Everything from the line with "Lunar Arc vegglampe 30,5cm sort" to the end of the material is to be retyped exactly, both ends included, and nothing else.

* Records for the exercise
:::::

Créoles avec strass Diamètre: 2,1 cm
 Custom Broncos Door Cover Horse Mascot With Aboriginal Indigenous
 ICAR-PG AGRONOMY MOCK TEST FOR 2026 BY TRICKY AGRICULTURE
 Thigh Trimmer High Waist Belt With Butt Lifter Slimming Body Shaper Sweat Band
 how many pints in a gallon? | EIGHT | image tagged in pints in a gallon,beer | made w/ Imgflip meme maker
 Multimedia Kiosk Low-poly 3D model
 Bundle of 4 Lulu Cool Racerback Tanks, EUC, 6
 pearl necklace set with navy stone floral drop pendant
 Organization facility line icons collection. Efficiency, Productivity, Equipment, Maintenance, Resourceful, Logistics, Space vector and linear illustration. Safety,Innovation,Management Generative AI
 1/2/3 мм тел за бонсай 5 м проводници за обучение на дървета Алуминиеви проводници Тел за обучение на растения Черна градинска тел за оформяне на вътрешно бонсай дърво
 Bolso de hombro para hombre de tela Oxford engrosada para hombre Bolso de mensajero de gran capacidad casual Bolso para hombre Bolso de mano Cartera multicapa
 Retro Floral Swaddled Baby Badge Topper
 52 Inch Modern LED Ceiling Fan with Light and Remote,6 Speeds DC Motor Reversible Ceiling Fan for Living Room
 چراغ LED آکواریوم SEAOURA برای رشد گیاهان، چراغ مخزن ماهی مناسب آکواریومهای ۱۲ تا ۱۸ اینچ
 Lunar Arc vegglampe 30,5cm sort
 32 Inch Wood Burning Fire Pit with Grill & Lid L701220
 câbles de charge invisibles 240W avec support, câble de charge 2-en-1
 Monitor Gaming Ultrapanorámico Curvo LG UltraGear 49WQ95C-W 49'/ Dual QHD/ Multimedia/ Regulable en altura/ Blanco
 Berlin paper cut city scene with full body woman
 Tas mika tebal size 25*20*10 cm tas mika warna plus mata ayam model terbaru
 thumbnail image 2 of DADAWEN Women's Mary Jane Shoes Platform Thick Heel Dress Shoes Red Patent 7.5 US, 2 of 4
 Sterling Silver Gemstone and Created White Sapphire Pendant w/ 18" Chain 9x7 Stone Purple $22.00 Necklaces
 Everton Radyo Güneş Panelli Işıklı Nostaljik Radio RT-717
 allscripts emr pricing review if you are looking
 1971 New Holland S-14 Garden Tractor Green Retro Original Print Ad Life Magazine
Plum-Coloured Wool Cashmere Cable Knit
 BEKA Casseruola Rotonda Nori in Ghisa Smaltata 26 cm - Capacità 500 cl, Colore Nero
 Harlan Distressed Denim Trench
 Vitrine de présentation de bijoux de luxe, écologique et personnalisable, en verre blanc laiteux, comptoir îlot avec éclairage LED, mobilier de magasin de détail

:::::

* Final answer
 Lunar Arc vegglampe 30,5cm sort
 32 Inch Wood Burning Fire Pit with Grill & Lid L701220
 câbles de charge invisibles 240W avec support, câble de charge 2-en-1
 Monitor Gaming Ultrapanorámico Curvo LG UltraGear 49WQ95C-W 49'/ Dual QHD/ Multimedia/ Regulable en altura/ Blanco
 Berlin paper cut city scene with full body woman
 Tas mika tebal size 25*20*10 cm tas mika warna plus mata ayam model terbaru
 thumbnail image 2 of DADAWEN Women's Mary Jane Shoes Platform Thick Heel Dress Shoes Red Patent 7.5 US, 2 of 4
 Sterling Silver Gemstone and Created White Sapphire Pendant w/ 18" Chain 9x7 Stone Purple $22.00 Necklaces
 Everton Radyo Güneş Panelli Işıklı Nostaljik Radio RT-717
 allscripts emr pricing review if you are looking
 1971 New Holland S-14 Garden Tractor Green Retro Original Print Ad Life Magazine
Plum-Coloured Wool Cashmere Cable Knit
 BEKA Casseruola Rotonda Nori in Ghisa Smaltata 26 cm - Capacità 500 cl, Colore Nero
 Harlan Distressed Denim Trench
 Vitrine de présentation de bijoux de luxe, écologique et personnalisable, en verre blanc laiteux, comptoir îlot avec éclairage LED, mobilier de magasin de détail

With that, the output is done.